嫌ならやめる、それは軽やかに生きるためのヒント
「嫌なら、やめたらええやん」
日曜日の昼下がりだったと思う。「お昼に」と焼いていた分厚いホットケーキを頬張りながら母は一言、あっさりとそう言った。
大阪の実家を出て、鎌倉へ引っ越そうと決めたのは昨年の秋だった。学生の頃からずっと通ってた、いつか住みたいと思っていた場所。
もちろん、適当に決めたわけじゃないよ。
長年の憧れを叶えて再スタートを切りたいって思った。
覚悟と意思を持って鎌倉行きを決めた。
それがね、少ししてやっぱり今は違うかもと思ってしまった。
環境が変わって、ちょうどSHElikesにも入会した頃で、そしたら気持ちも変わってきた。
でも私は、昔から無駄に完璧主義で石頭で。
1人でグルグル考えるもんだから視野も狭まって、猪みたいにまっすぐしか進めなくなって。いや、あれは完全に猪。
もう決めたことだから、行かなければならない。
それに、今更やめるだなんてダサすぎる。
決断したあの時の私は、周りの人は、何て言うかな。
また少しすれば、気が変わるはず。
マリッジブルーみたいなもんだろう、知らんけど。
少しの我慢だから、とモヤモヤを見ないようにしていました。
「やっぱり、行きたくないかも」
押し殺したままでいたかった感情がポロッと、ほとんど無意識に、気づいた時には言葉となって宙に舞っていた。
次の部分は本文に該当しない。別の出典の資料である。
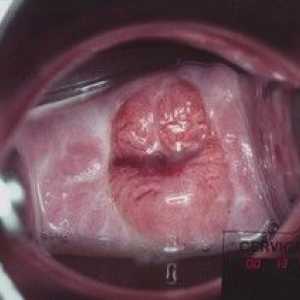 Eroziune de col uterin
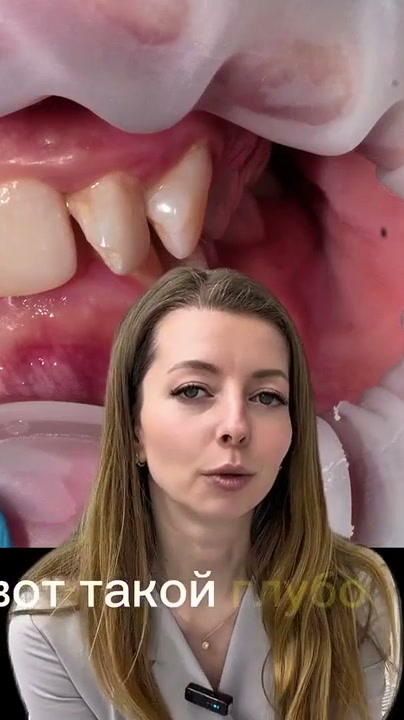 Можно ли вытянуть клык брекетами?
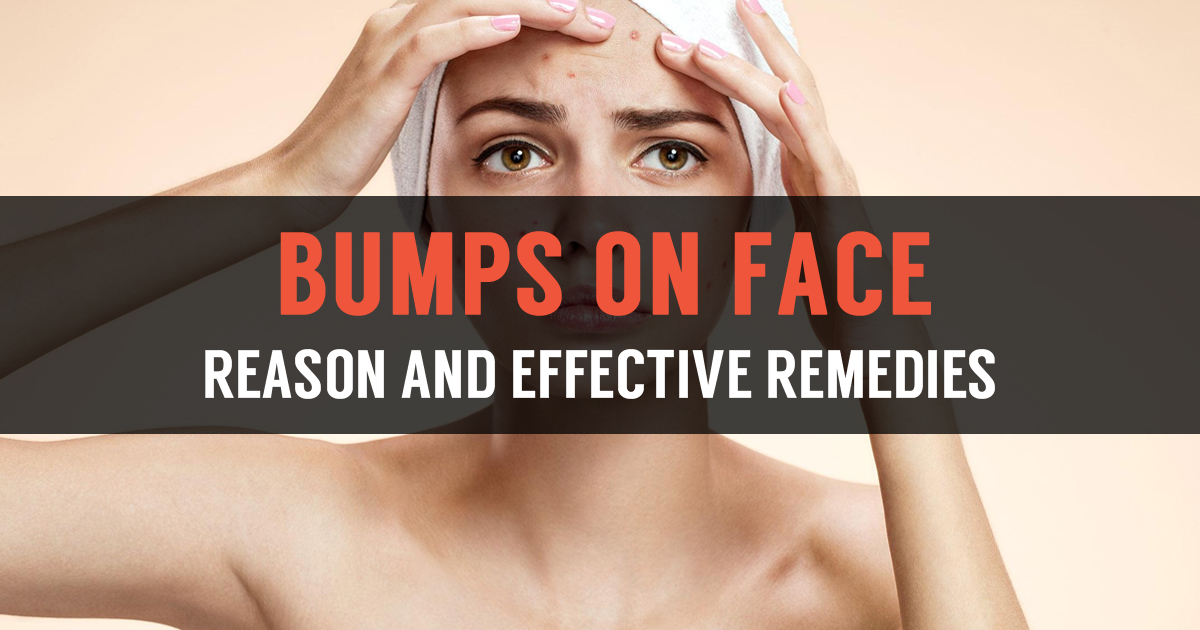 how-to-get-rid-of-tiny-bumps-on-face-how-to-get-rid-of-pimples-in-5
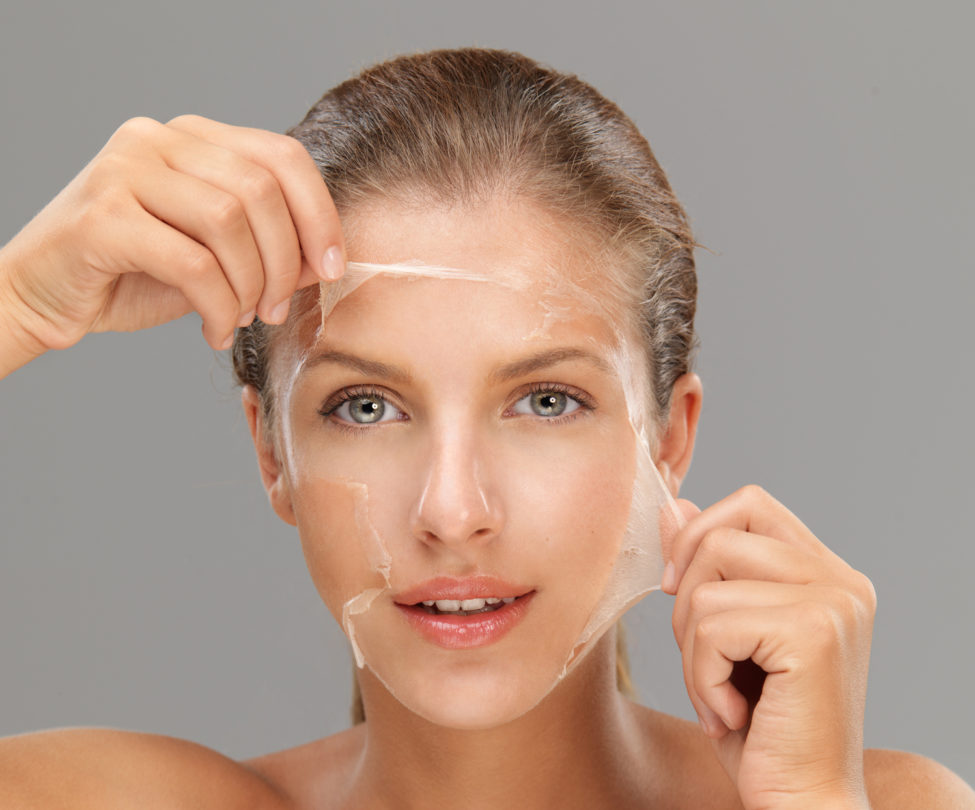 what-is-a-chemical-peel-e1517852109529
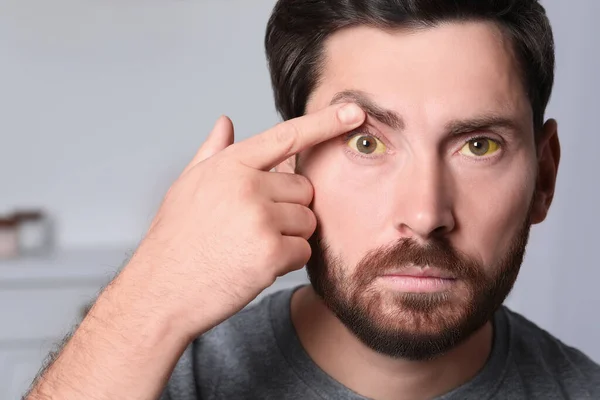 Uomo Con Gli Occhi Gialli Sfondo Sfocato Sintomo Epatite — Foto Stock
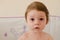 Roseola infantum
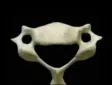 Vertebra C6-Wallet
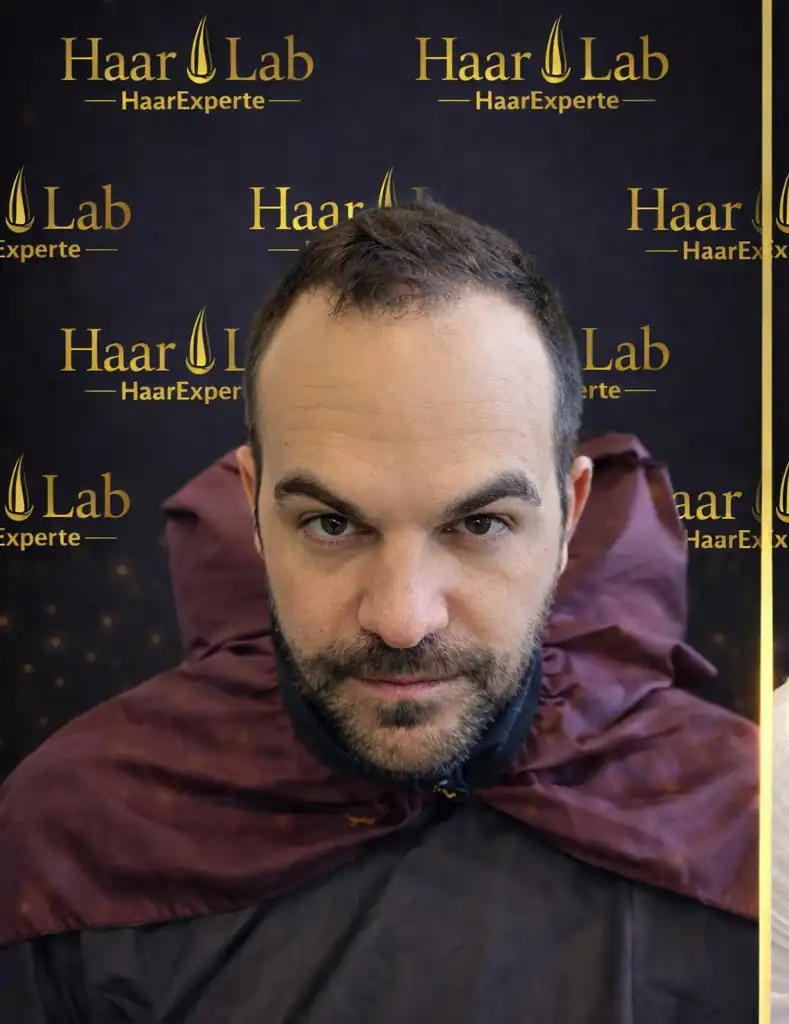 Haartransplantation Mannheim vorher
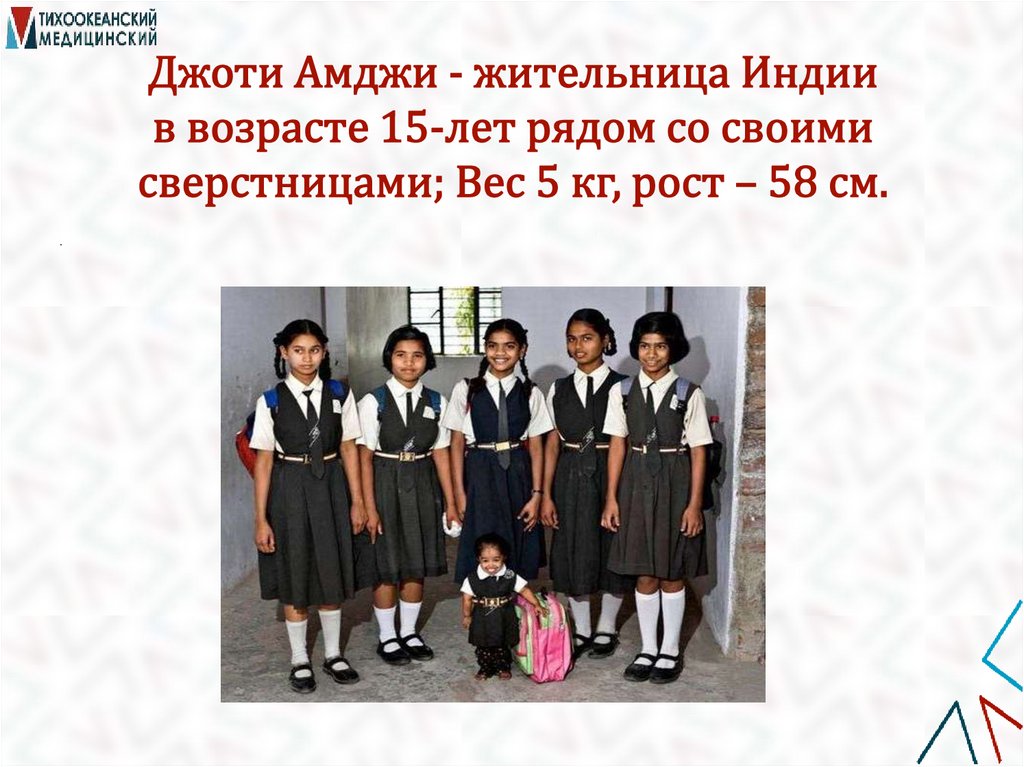 Джоти Амджи - жительница Индии в возрасте 15-лет рядом со своими сверстницами; Вес 5 кг, рост – 58 см.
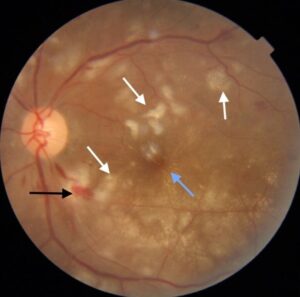 Clinical eye photograph illustrating Fat Embolism Retinopathy Long Bone Fracture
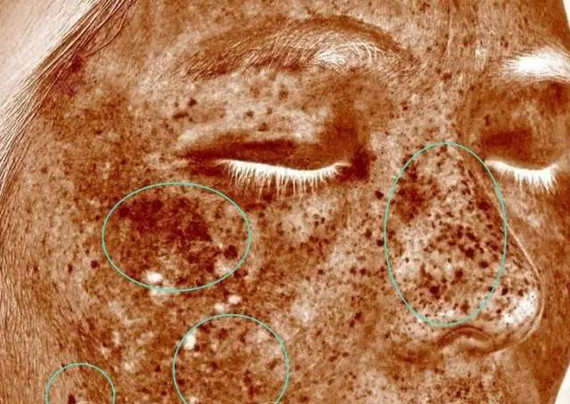 深层斑皮肤检测显示:面颊部及颧部黄褐斑明显,肤色暗沉.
やってしまった……と思った。
母の前では、不思議といつもそうなってしまうのはなんでだろう。
一度口にしてしまうと、心の中に留めていたはずの気持ちは 涙に変わってボロボロと零れ落ちる。
そんな私を見て母が言ったのが、冒頭の言葉だった。
嫌やのになんで行くん?
あまりにもあっさりと、そして呑気に。
手に持つフォークを置いた私を横目に母は、このホットケーキ上手に焼けたわぁ〜なんて言いながら続けた。
「自分で決めたんやろ?気が変わったならそれはそれ」
「誰のために行くん?」
私は誰のために、何のために心の声を無視しているのだろう。
自分で決めたから、変えてはいけないと思っていた。
一度した決断は、何があっても守るべきだと思ってた。
覚悟を決めたら、その道を歩むべきだと思ってた。
そんな人こそが、「強い人間」だと思っていたのかもしれない。
でも、気持ちは変わって当然だから。
変わったって誰も怒らないよ。
明日の朝はパンにしようと思っても、起きたら「やっぱり白米だな」なんて日もある。
「私、あの人のこと好きかも」ってカフェでキャピキャピ話していた数ヶ月後には、「あいつマジでないわ」なんてお酒片手に言っている時もある。
修学旅行で飛行機に乗ってから「キャビンアテンダントになりたい!」なんて言うようになったけど、数年後進路を決める時にはそんなことすっかり忘れて別の道に進んだ。
毎日がそんなことの連続で、人生がその延長ってだけで、その瞬間に心が躍るような選択をとればいいのだ。
何を感じてもそんな自分を受け入れる。
「あ、違うな」って感じたらそっと道を曲がればいいし、たまにはUターンすればいい。
「絶対」なんて、はじめからないからね。
というか、覚悟なんて決めるから苦しくなる。
「ま、嫌になればやめたらええんやで」ぐらいの方がちょうど良かったりするのかも。
それが、軽やかに生きていくためのヒントなのかもしれないね。